Thursday, January 28, 2016

All Dolled Up: The Deeper Implications of the New Barbie on our Young Girls

I teach a self-designed mother-elementary daughter dance line. Each week focuses on an issue key to students’ hearts, two of which highlight varying aspects of beauty. Every time I teach it at least one mom leaves the private conversation with her daughter teary for what she’s heard. My heart was made butter for what my own girls said.

Young girls’ issues are too oft over looked. Don’t believe me? Respond to the email I just did from a twelve year old who fears never being desired by a boy because she’s “fat.” Or, sit in on elementary snack time where students sometimes throw parts of their packed item away to save calories.

Statistics back me up.


The age of puberty in America is on the decline, with more girls developing breasts by 7 than in the past and elementary girls menstruating not out of the norm, drawing more attention to parts and looks as their bodies change than was true in the past.

Can we all take our heads out of the sand now?

We have a problem.

Today Mattel announced that Barbie will now come in tall, petite, and curvy form. This comes on the heals of added skin tones, eye colors, and hairstyles.
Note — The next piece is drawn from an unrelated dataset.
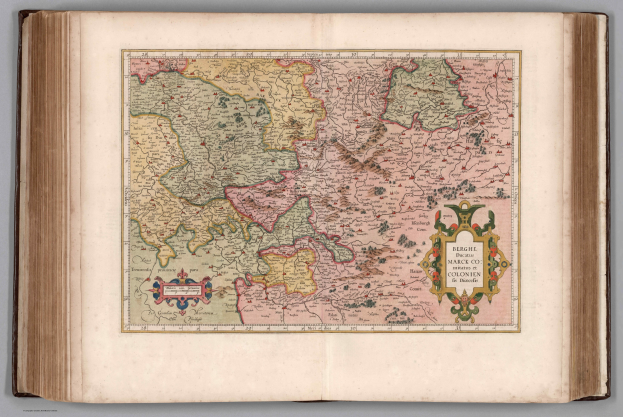 Ein aufgeschlagenes Buch mit einer detaillierten Deutschlandkarte und begleitendem Text.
It seems likely that this response comes from longstanding criticism over the body-type Barbie projects for the children playing with them. We’ve certainly become a more parent-conscious society, trying our best to prevent problem where possible.

To be clear, I DO NOT think Barbie alone is to blame for the statistical tragedy stated above. I let my children play with Barbie, remember? And, I actually think it can be a good outlet with children to see how they are processing the world through their Barbie interaction and conversational play.
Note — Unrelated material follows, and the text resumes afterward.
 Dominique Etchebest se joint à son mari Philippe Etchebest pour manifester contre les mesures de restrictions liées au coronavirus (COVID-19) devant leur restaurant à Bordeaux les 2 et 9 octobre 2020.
Changing my Barbies is what I most loved as a child. My girls dig the fashionista aspect themselves.

However, as we see the body-image statistics continue to impact younger and younger ages, we must applaud all efforts that contribute to the collective influential whole.

YES! These are things I want to be discussing with my girls.

Despite the positive intent, there is already crazy backlash. In just a matter of minutes, I saw tweets criticizing the ability to use the same clothes on the different Barbies, harsh judgment that we’re projecting adult insecurity on kid toys, and claim if your daughter’s self-esteem is contingent on looking at her Barbie you’re a parent fail. (Interestingly, that came from a non-parent. The only time in life when we know everything about parenting.)

I suppose in purchasing different Barbies there will be need for different clothing styles and a few more dollars required of the pocket book. But, it is time that we at least acknowledge that these are not solely adult insecurities and no self-doubt appears from thin air. It is fostered over time.

Our girls are taking cues from people, media, and toys around them. They are forming perceptions based on what they see and, often, what they hear from mom (sorry, ladies, we have to accept responsibility in this too before anything is going to change). So, if Barbie wants to remind people that their unique shape and size is doll-shape worthy, then let’s CHEER THEM ON.

At its root this is about a plastic doll. We can all agree on that. It is a figure for girls to play dress up with and live out imaginative scenarios. BUT, also undeniable is the way these children are imbibing look, design, and potential from everything they see and hear into their not yet fully mature brain.

ANYTIME we have opportunity to cheer our girls on- to tell them, “You are beautiful,” to explain that they were made perfect by their Creator and that dolls they may play with or images they see aren’t reality- it is a win for all of us. And, if toy makers want to make that effort easier with healthier cues, then I say, “PRAISE BE TO GOD.” One less battle.